Giving thanks unto the Father, which hath made us meet to be partakers of the inheritance of the saints in light: Who hath delivered us from the power of darkness, and hath translated us into the kingdom of his dear Son - Colossians 1:12-13
THANKSGIVING is a species of prayer. Thanksgiving is one species of prayer out of many. Prayer, in its whole extent and compass, is a comprehensive and compendious name for all kinds of approach and all kinds of address to God, and for all kinds and all degrees of communion with God. Request, petition, supplication; acknowledgment and thanksgiving; meditation and contemplation; as, also, all our acts and engagements of public, and family, and closet worship,--all those things are all so many species, so to say, of prayer. Petition is the lowest, the most rudimentary and the most elementary of all kinds of prayer. And it is because we so seldom rise above the rudiments and first principles of divine things that we so seldom think, and so seldom speak, about prayer in any other sense than in that of request and petition and supplication. Whereas praise--pure, emancipated, enraptured, adoring praise,--is the supremest and the most perfect of all kinds of prayer. Thanksgiving is higher and purer than petition; while, again, it is lower and less blessed than holy, heavenly, God-adoring praise.
Now it is to thanksgiving that the Apostle here invites the Colossian believers. He has prayed for them ever since the day on which he first heard of their faith and their love. And now, that Epaphras has brought him such good news of their continuance and their growth in grace, he invites them to join with him in this noble thanksgiving--unto the Father who hath delivered him and them from the power of darkness and hath translated him and them into the Kingdom of His dear Son.
Darkness and the power of darkness verses the Armour of Light
Now, what is this darkness? It is sin, you will answer. And so it is. It is sin.
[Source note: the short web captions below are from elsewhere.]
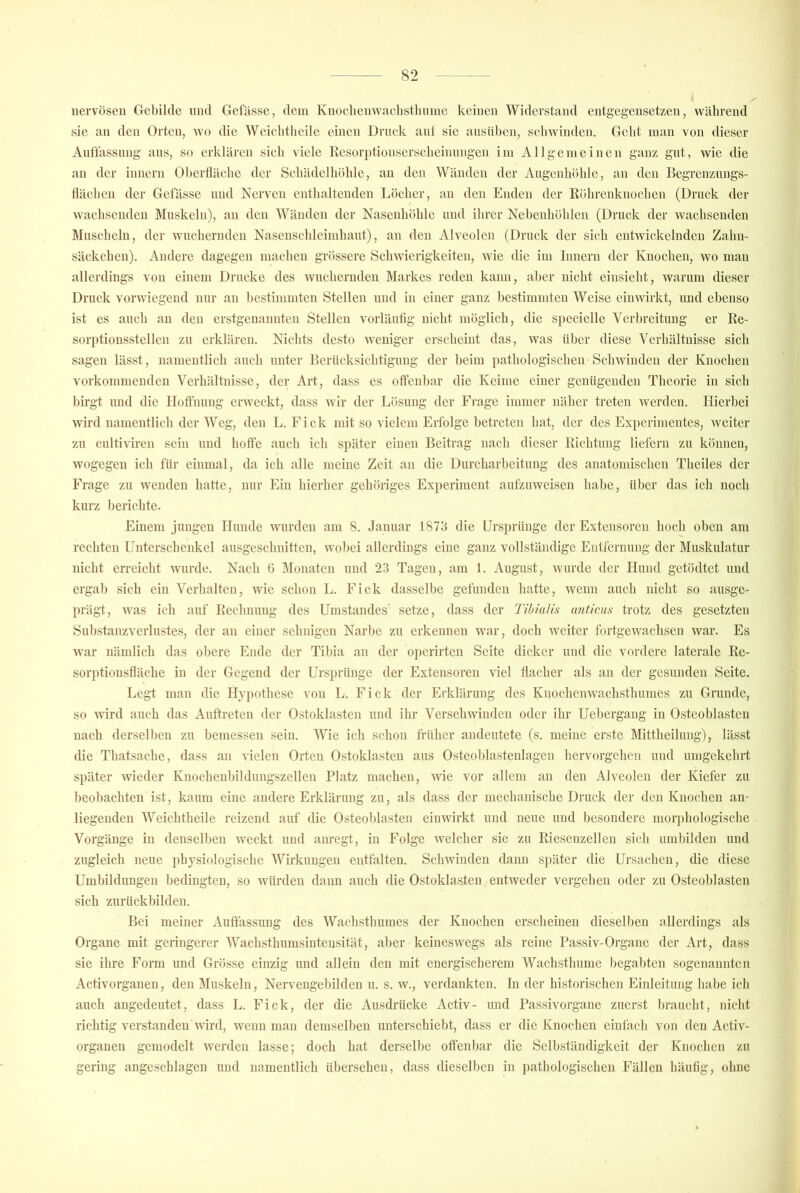 nervösen Gebilde niid Gelasse, dem Knoclienwaclistliume keinen Widerstand entgegensetzen, während sie an den Orten, wo die Weiclitlieile einen Druck aut sie ausüben, schwinden. Gebt man von dieser Auttässiing aus, so erklären sich viele Resorptionserscheinungen im Allgemeinen ganz gut, wie die an der iimern Oberfläche der Schädelhöhle, an den Wänden der Augenhöhle, an den Begrcuzungs- Häclien der Gelasse und Nerven enthaltenden Löcher, an den Enden der Röhrenknochen (Druck der wachsenden Muskeln), au den Wänden der Nasenhöhle uud ihrer Nebenhöhlen (Druck der wachsenden Muscheln, der wuchernden Nasenschleimhaut), an den Alveolen (Druck der sich entwickelnden Zahn- säckchen). Andere dagegen machen grössere Schwierigkeiten, wie die im Innern der Knochen, wo man allerdings von einem Drucke des wuchernden Markes reden kann, aber nicht einsieht, warum dieser Druck vorwiegend nur an bestimmten Stellen und in einer ganz bestimmten Weise ein wirkt, und ebenso ist es auch an den erstgenannten Stellen vorläufig nicht möglich, die specielle Verbreitung er Re- sorptionsstellen zu erklären. Nichts desto weniger erscheint das, was über diese Verhältnisse sich sagen lässt, namentlich auch unter Rcriicksichtigung der beim pathologischen'Schwinden der Knochen vorkommenden Verhältnisse, der Art, dass es oftenhar die Keime einer genügenden Theorie in sich birgt und die llotlhung erweckt, dass wir der Lösung der Frage immer näher treten werden. Hierbei wird namentlich der AVeg, den L. Fick mit so vielem Erfolge betreten hat, der des Experimentes, weiter zn cnltiviren sein und hoffe auch ich später einen Beitrag nach dieser Richtung liefern zu können, wogegen ich für einmal, da ich alle incinc Zeit an die Durcharbeitung des anatomischen Theiles der Frage zu wenden hatte, nur Ein hierher gehöriges Exi)eriment aufzuweiseu habe, über das ich noch kurz berichte. Einem jungen Hunde wurden am 8. Januar 1873 die Ursprünge der Extensoren hoch oben am rechten Unterschenkel ausgeschnitten, wobei allerdings eine ganz vollständige Entfernung der Muskulatur nicht erreicht wurde. Nach 6 Monaten und 23 Tagen, am 1. August, wurde der Hund getödtet uud ergab sich ein Verhalten, wie schon L. Fick dasselbe gefunden hatte, wenn auch nicht so ausge- prägt, was ich auf Rechnung des Umstandes’ setze, dass der TihiaHs uniicus trotz des gesetzten Substauzverlustes, der an einer sehnigen Narbe zu erkennen war, doch Aveiter fortgewachsen war. Es Avar nämlich das obere Ende der Tibia an der operirten Seite dicker und die vordere laterale Re- sorptiouslläche in der Gegend der Ursi)rünge der Extensoren viel flacher als an der gesunden Seite. Legt man die Hypothese von L. Fick der Erklärung des KnochenAvachsthumes zu Grunde, so AAurd auch das Auftreten der Ostoklasten uud ihr VerschAV'iuden oder ihr Uebergang in Osteoblasten nach derselben zu bemessen sein. Wie ich schon früher andeutete (s. meine erste Mittheilung), lässt die Thatsache, dass au vielen Orten Ostoklasten aus Osteoblastenlagen hervorgehen und umgekehrt später Avieder Knochenbilduugszellen Platz machen, Avie vor allem an den Alveolen der Kiefer zu beobachten ist, kaum eine andere Erklärung zu, als dass der mechanische Druck der den Knochen an- liegenden Weiclitlieile reizend auf die Osteoblasten eiiiAvirkt und neue uud besondere morphologische Vorgänge in denselben weckt und anregt, in Folge Avelcher sie zu Riescnzellen sich umbilden und zugleich neue physiologische Wirkungen entfalten. ScliAvinden dann später die Ursachen, die diese Umbildungen bedingten, so Avürden dann auch die Ostoklasten entAveder vergehen oder zu Osteoblasten sich zurückbilden. Bei meiner Auffassung des Wachsthunies der Knochen erscheinen dieselben allerdings als Organe mit geringerer AVachsthumsintensität, aber keinesAvegs als reine Passiv-Organe der Art, dass sie ihre Form und Grösse einzig und allein den mit energischerem Wachsthume begabten sogenannten Activorganeii, den Muskeln, Nervengebilden u. s. av., verdankten. In der historischen Einleitung habe ich auch angedeutet, dass L. Fick, der die Ausdrücke Activ- und Passivorgane zuerst braucht, nicht richtig verstanden Avird, Avenn man demselben unterschiebt, dass er die Knochen einfach von den Activ- organen gemodelt Averden lasse; doch hat derselbe offenbar die Selbständigkeit der Knochen zu gering angeschlagen und namentlich übersehen, dass dieselben in pathologischen Fällen häufig, ohne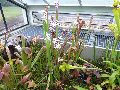 Kew Gardens – insectivorous plants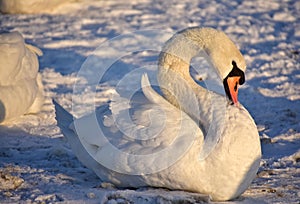 White swans on the snowy beach at the baltic sea in gdynia Poland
And each man's own, and only, darkness is from his own sin. Each man's darkness is so thick, and so inward, and so abiding, because it is the darkness that is cast by that huge idol of darkness, each man's own sinful self. "Self," in this life, is just another, and a truer, and a keener, and a more homecoming name, for sin. My sin is myself. And my darkness lies so thick and so deadly on my soul because self towers up so high and so dark in my soul. And in every man's soul!
Do you hate the darkness, and yourself on account of it? and do you rejoice in the light and seek it? Are your dark thoughts about your neighbor your daily burden and agonizing prayer? Do you, before God, put off the deeds and the words and the thoughts of darkness, and put on against them the armour of light? Do you, my brethren, do you? Then Paul, hearing of all that from Epaphras, would write an Epistle to you in his most soaring style, till you would answer: "Would God, He had indeed so delivered me!" And he would answer you back again, and would say, "When Christ, Who is our life, shall appear, then shall ye also appear with Him in glory. Put on, therefore, as the elect of God, holy and beloved, bowels of mercies, kindness, humbleness of mind, meekness, long-suffering; forbearing one another, and forgiving one another, if any man have a quarrel against any": and in all that the Father will more and more deliver you from the power of darkness, and will "translate you into the kingdom of His dear Son."